Contributions Littéraires

Les contributions de Chandrabati à la littérature bengalie sont profondes, transformatrices et bien en avance sur son temps. Elle est surtout célébrée pour sa version unique et inachevée du Ramayana, un projet qu’elle a entrepris sous l’influence de son père et qu’elle a partiellement complété avant sa mort prématurée. Contrairement aux récits traditionnels qui se concentrent sur la valeur et la divinité de Rama, Chandrabati a réimaginé la narration du point de vue de Sita, l’héroïne souvent marginalisée mais émotionnellement complexe.

Ce faisant, elle a déplacé l’accent de l’épopée pour explorer des thèmes tels que l’abandon, la souffrance féminine, la résilience émotionnelle et les conséquences des valeurs patriarcales dans la vie des femmes. Son Ramayana est non seulement un jalon littéraire, mais aussi un texte féministe précoce qui subvertit la glorification de l’héroïsme masculin et de la droiture divine.

Sa vision littéraire était façonnée par son empathie, sa spiritualité dévotionnelle et sa profonde sensibilité sociale. Elle utilisait la poésie comme un outil pour donner une voix aux silencié(e)s et mettre en lumière le fardeau émotionnel que portent les femmes dans les sociétés patriarcales. Ses œuvres se distinguent par leur intensité lyrique, leur profondeur psychologique et leur connexion profonde avec la culture folklorique et l’introspection religieuse.

Ses principales œuvres littéraires comprennent :

  • Malua : Une ballade lyrique qui tisse de manière complexe des thèmes d’amour, de fidélité, de trahison et de sacrifice. Elle reste une pièce très appréciée dans les traditions orales et folkloriques du Bengale, souvent chantée lors de mariages et de fêtes religieuses.
  • Dasyu Kenaram-er Pala : Un puissant récit explorant l’ascension et la chute du bandit Kenaram. La pièce sert d’allégorie morale, abordant la justice, le repentir et les conséquences de s’écarter du dharma.
  • Ramayana (Incomplet) : Une réinterprétation féministe courageuse et poignante qui dépeint Sita comme un personnage pleinement réalisé, remettant en question l’infaillibilité divine, les jugements patriarcaux et les limitations du rôle traditionnel de la femme.
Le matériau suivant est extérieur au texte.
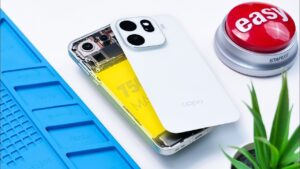 Close-up view of Oppo Find X9 Pro internal components during teardown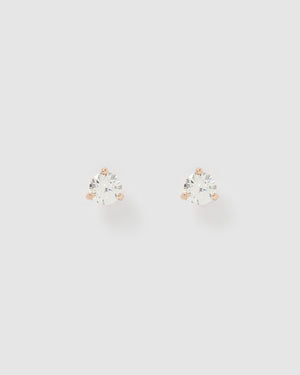 Izoa Dottie Stud Earrings Rose Gold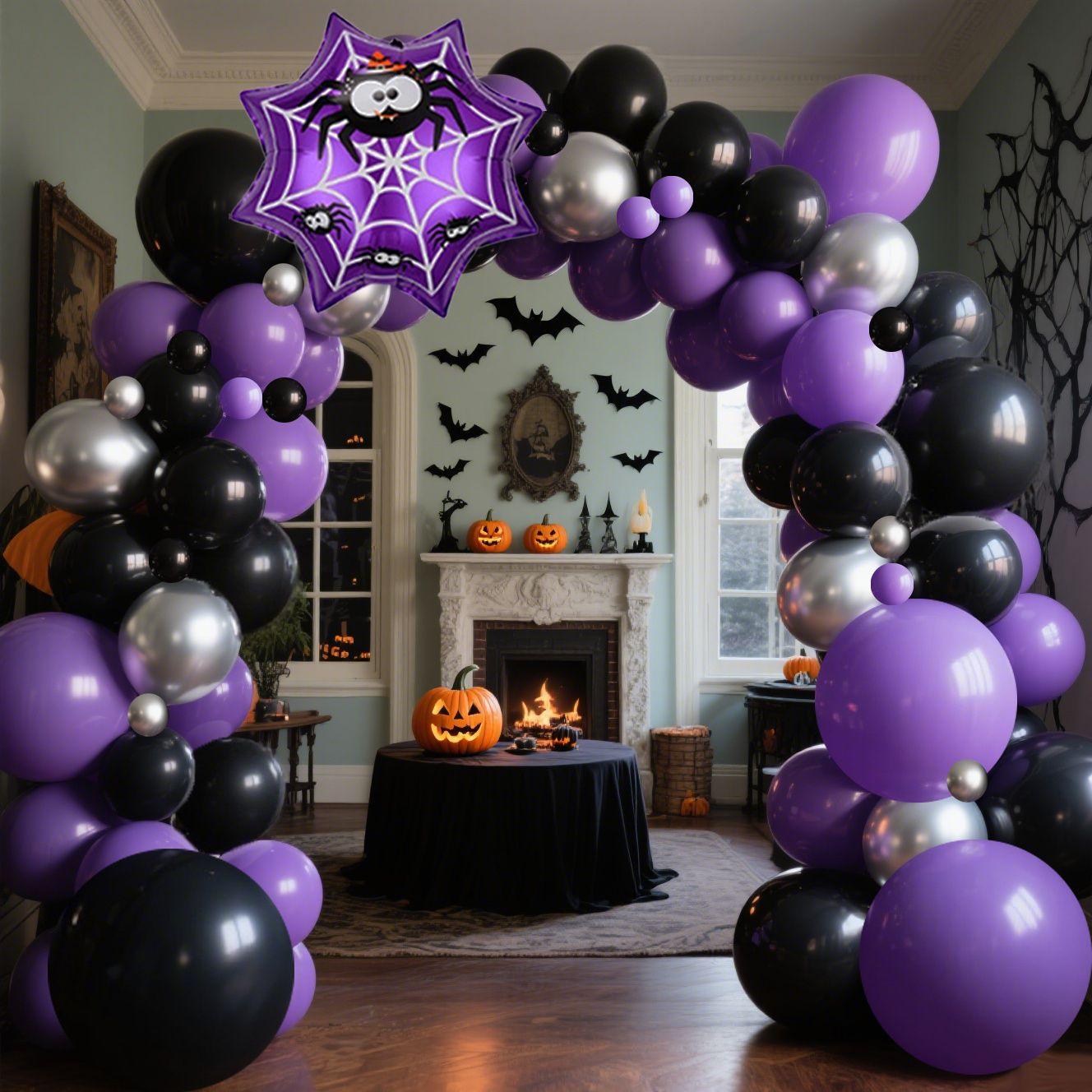 

Purple-black Halloween Balloon Spider Web Party Decoration Scene Arrangement Set, Festival Party Decoration Scene Halloween Balloon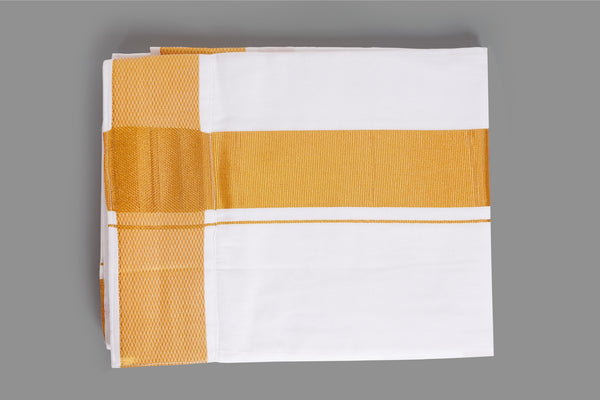 White Dhoti with Wide Gold Zari Border | Traditional Veshti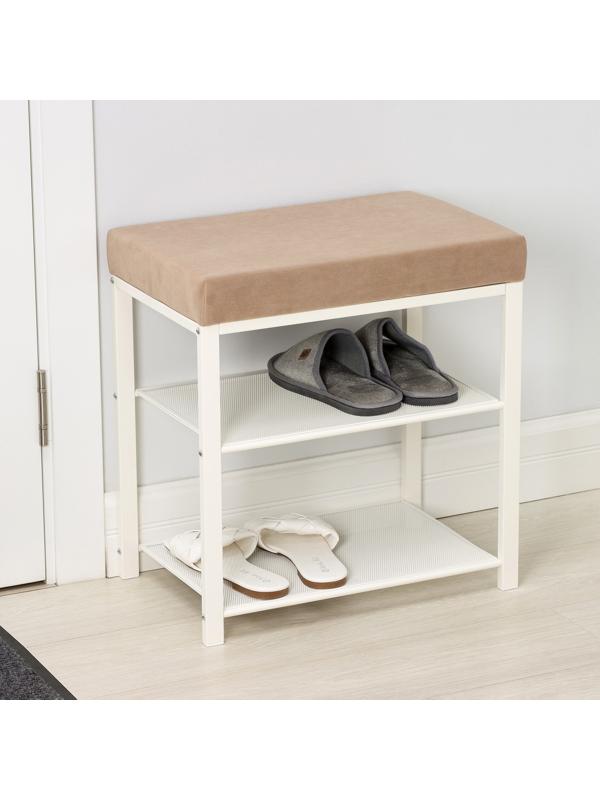 Банкетка «Торонто 13S», 47×30×49 см, цвет каркаса белый, цвет сиденья бежевый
La valeur littéraire et culturelle du Ramayana de Chandrabati a été reconnue plus tard par l’érudit bengali Dr. Dinesh Chandra Sen, qui a publié le manuscrit en 1932. Il a mis en évidence l’originalité de l’œuvre, sa sincérité émotionnelle et sa rare perspective féminine. Sen a même spéculé que Meghnad Badh Kavya de Michael Madhusudan Dutt, en particulier le dialogue entre Sita et Sarama, pourrait avoir été influencé par le traitement unique des voix féminines par Chandrabati. Aujourd’hui, son Ramayana est largement considéré comme l’une des expressions littéraires féministes les plus importantes de la littérature sud-asiatique.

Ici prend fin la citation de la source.